WHAT IS REQUIRED: In the listing below, find the line with "Mudo Home Soft" and the line with "Alana Maxi Dress in Crushed Curry", then return them and every line between them exactly, minus the pictures.

DATA FOR THE TASK:
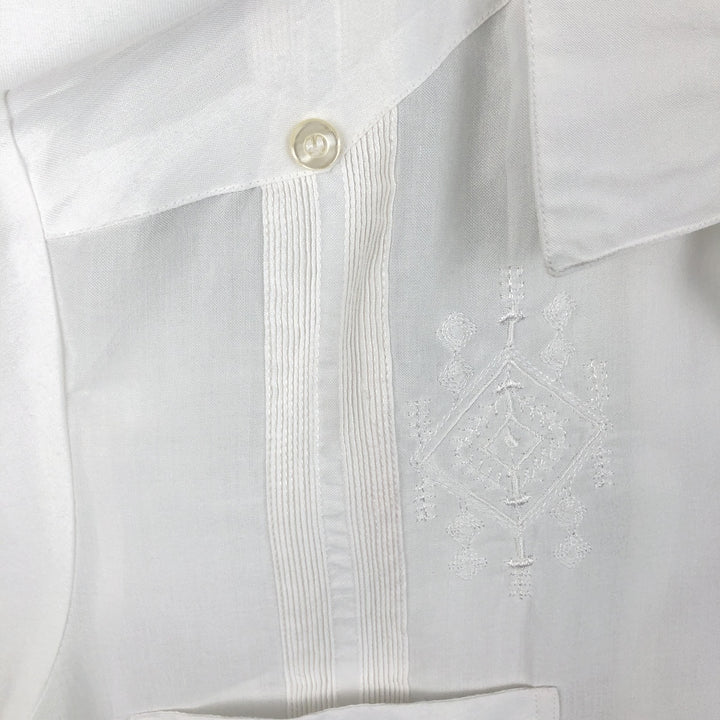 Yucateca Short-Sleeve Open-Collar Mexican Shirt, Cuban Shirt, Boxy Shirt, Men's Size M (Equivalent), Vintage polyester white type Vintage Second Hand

--

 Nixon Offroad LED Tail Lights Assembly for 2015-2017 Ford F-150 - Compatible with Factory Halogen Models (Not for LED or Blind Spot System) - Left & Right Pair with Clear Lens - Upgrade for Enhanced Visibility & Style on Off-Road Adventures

---

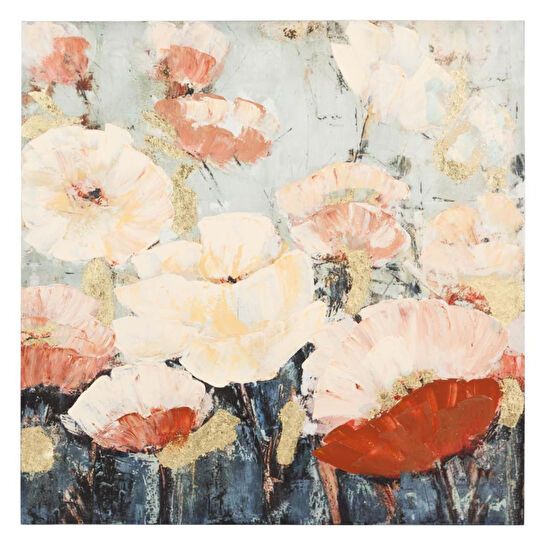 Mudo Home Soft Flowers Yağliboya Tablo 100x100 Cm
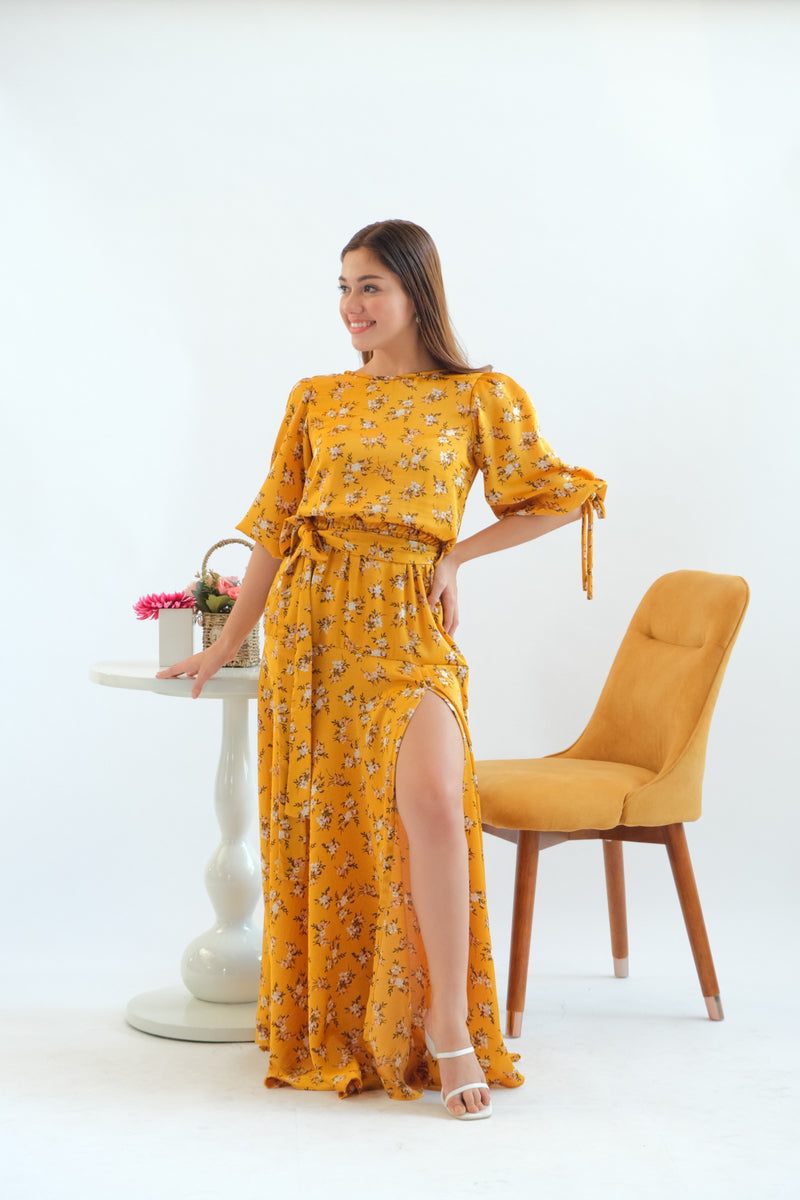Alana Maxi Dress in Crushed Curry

EXPECTED ANSWER:
 Mudo Home Soft Flowers Yağliboya Tablo 100x100 Cm
Alana Maxi Dress in Crushed Curry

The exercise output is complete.